[Tracy Park by Mary Jane Holmes]@TWC D-Link bookTracy Park CHAPTER VIII 18/20
But they were not there, and after a vain and anxious search she said to her husband: 'Joe, somebody has stole my things, and 'twas my Indian shawl, too, and gold-headed pin, with the little diamond.' Mrs.Tracy was at once summoned to the scene, and the missing wraps were found in the ladies' room, where Harold had carried them, but the gold-headed shawl-pin was gone and could not be found. Lucy, the girl in attendance, said, when questioned, that she knew nothing of the pin or Mrs.Peterkin's wraps either, except that on first going up to the room after the lady's arrival, she found Harold Hastings fumbling them over, and that she sent him out with a sharp reprimand. Harold was then looked for and could not be found, for he had been at home and in bed for a good two hours.

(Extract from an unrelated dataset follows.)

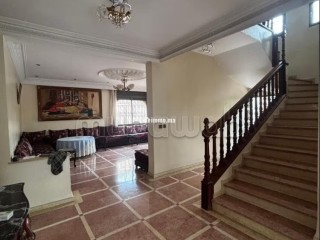 Opportunité rare Villa familiale de 466m2 - Villa à vendre - Casablanca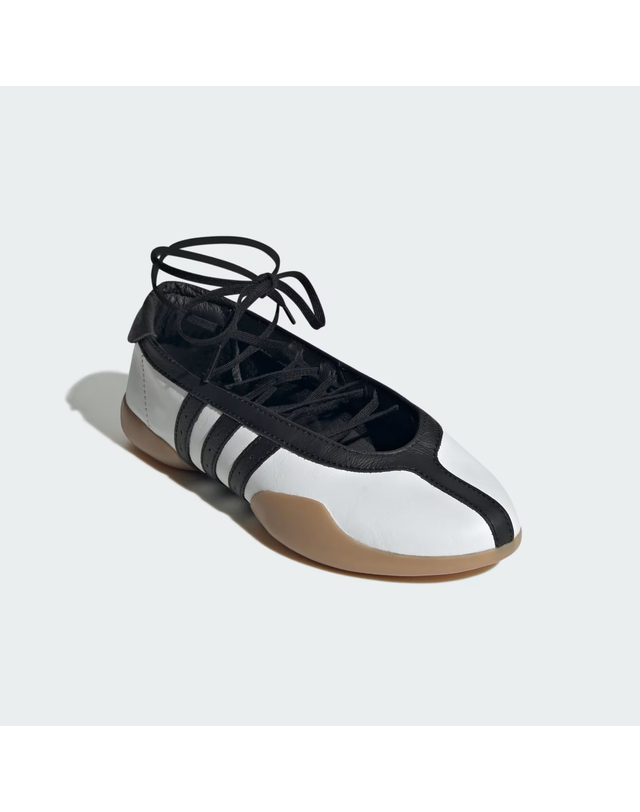 아디다스 [ADIDAS] 아디다스 태권도 메이 발레 슈즈 / 클라우드 화이트 / 코어 블랙 / 검_JR7030 착용컷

Clearly, then, he knew something of the pin; and Peterkin and his wife said good-night, resolving to see the boy the first thing in the morning, and demand their property. When the Peterkins were gone, Arthur started at once for his room, but stopped at the foot of the stairs and said to his brother: 'Don't forget to have the carriage at the station at seven o'clock. Gretchen is sure to be there.' 'All right,' was Frank's reply. While Mrs.Tracy asked: 'Who is Gretchen ?' If Arthur heard her he made no reply, but kept on up the stairs to his room, where they heard him for a long time walking about, opening and shutting windows, locking and unlocking trunks, and occasionally splashing water over his face and hands. 'Your brother is a very elegant-looking man,' Mrs.Tracy said to her husband as she was preparing to retire.
'Quite like a foreigner, but how bright his eyes are, and they look at you sometimes as if they would see through you and know what you were thinking.
They almost make me afraid of him.' Frank made no direct reply.
In his heart there was an undefined fear which he then could not put into words, and with the remark that he was very tired, he stepped into bed, and was just falling into a quiet sleep when there came a knock upon his door loud enough, it seemed to him, to waken the dead.